## [PROVIDED ENTRIES]
====================

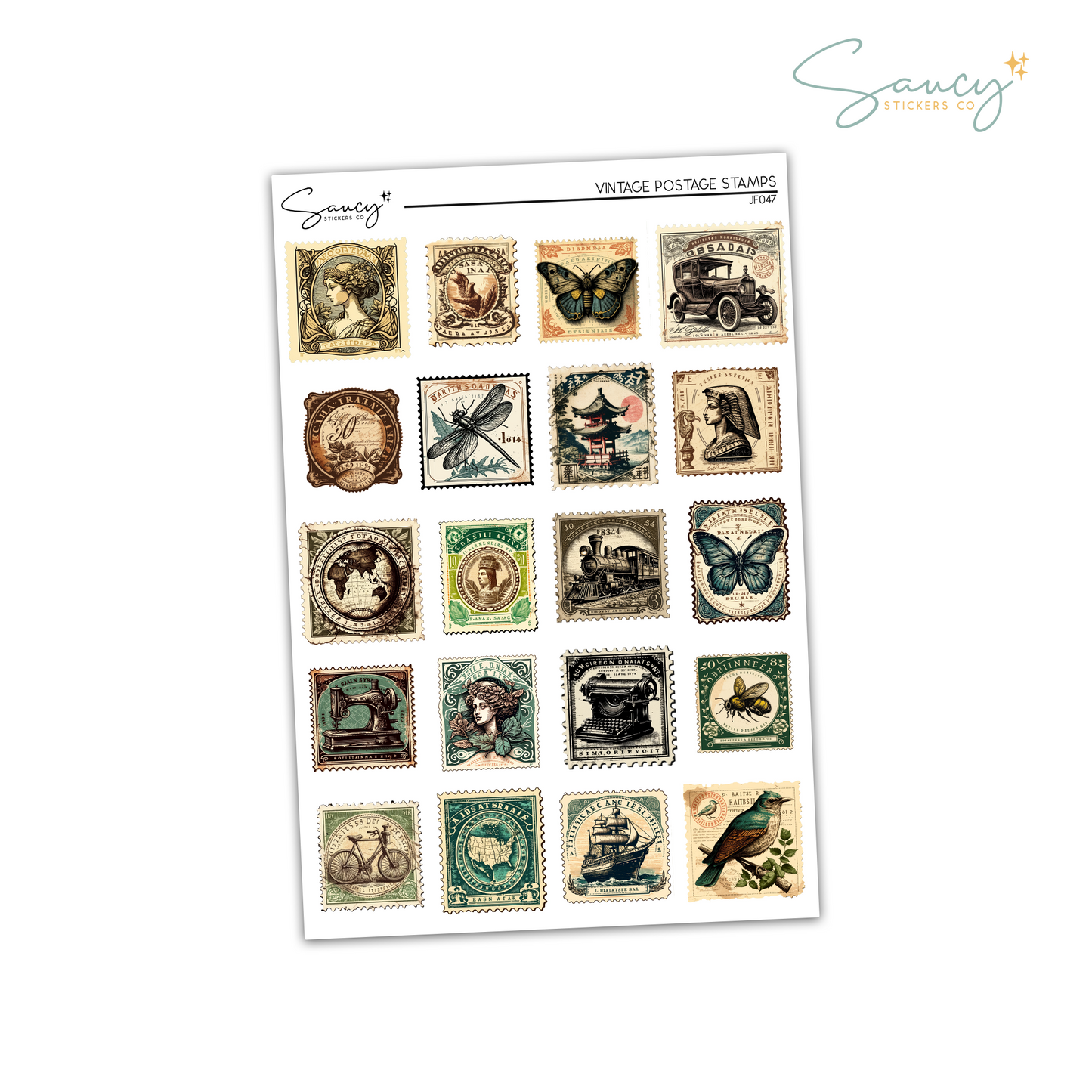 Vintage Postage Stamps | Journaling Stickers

====================

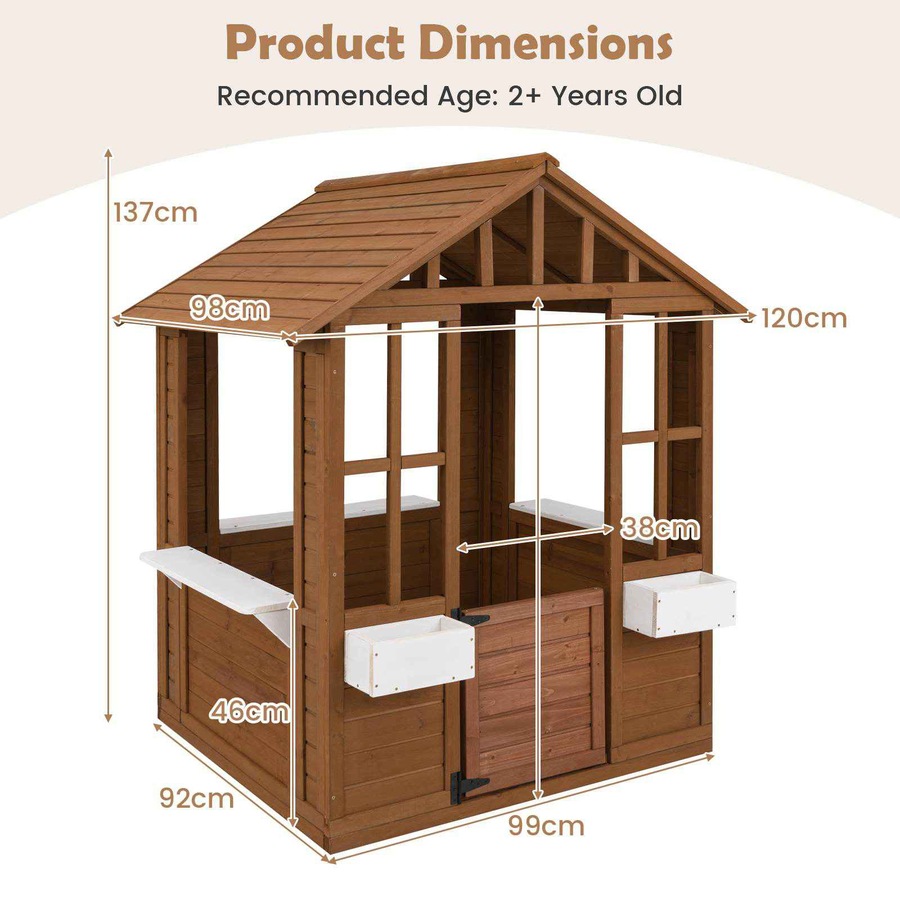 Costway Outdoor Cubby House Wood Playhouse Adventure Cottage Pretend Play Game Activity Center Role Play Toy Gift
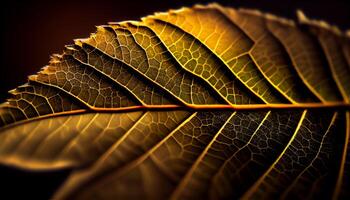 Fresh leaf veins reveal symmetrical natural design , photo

====================

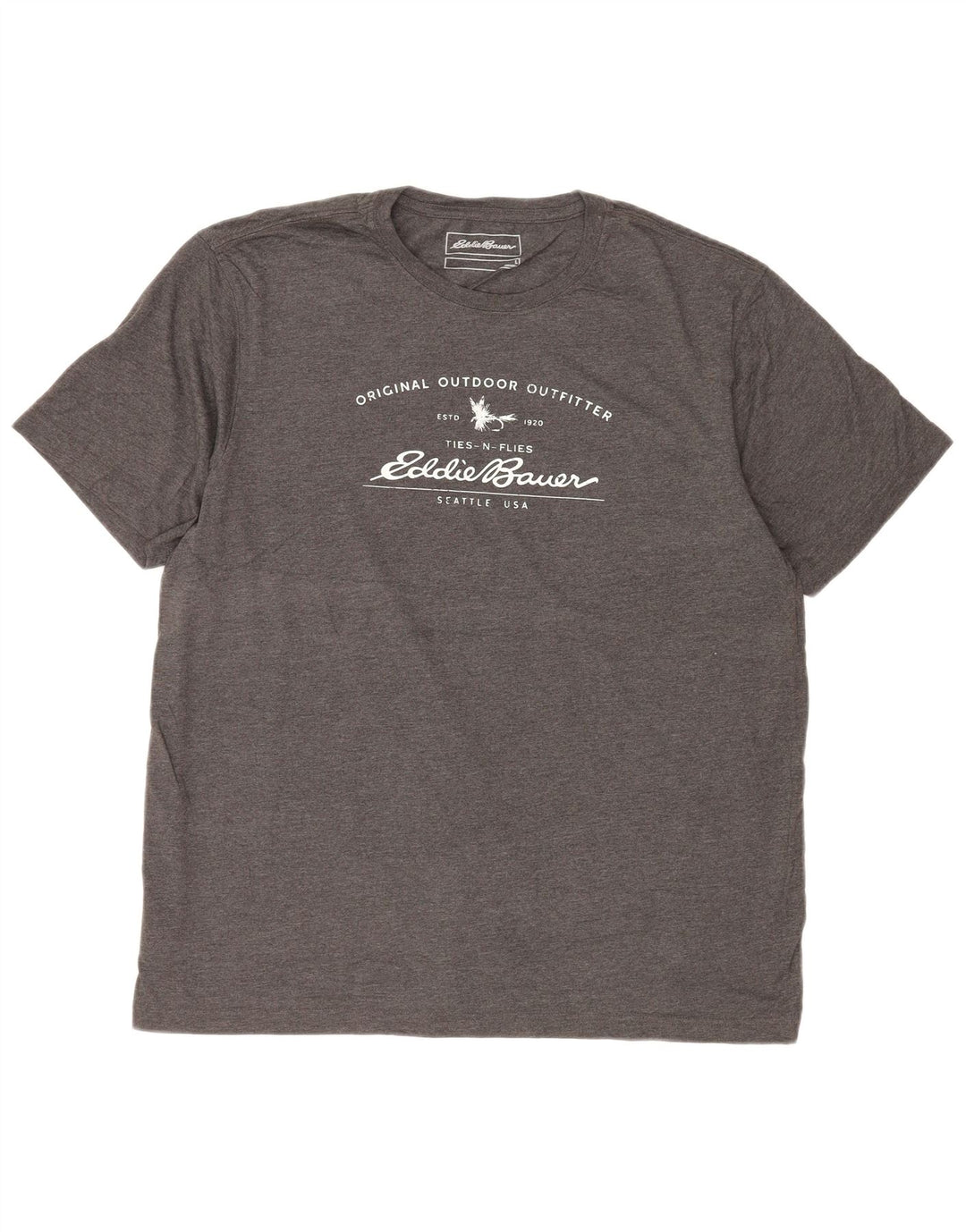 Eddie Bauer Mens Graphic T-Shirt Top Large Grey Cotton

====================

## [WHAT YOU WILL DO]
Excluding any pictures, print exactly the lines of the listing above from the line with "Costway Outdoor Cubby" to the line with "Fresh leaf veins", both ends included.

## [SOLVED EXERCISE]
 Costway Outdoor Cubby House Wood Playhouse Adventure Cottage Pretend Play Game Activity Center Role Play Toy Gift
 Fresh leaf veins reveal symmetrical natural design , photo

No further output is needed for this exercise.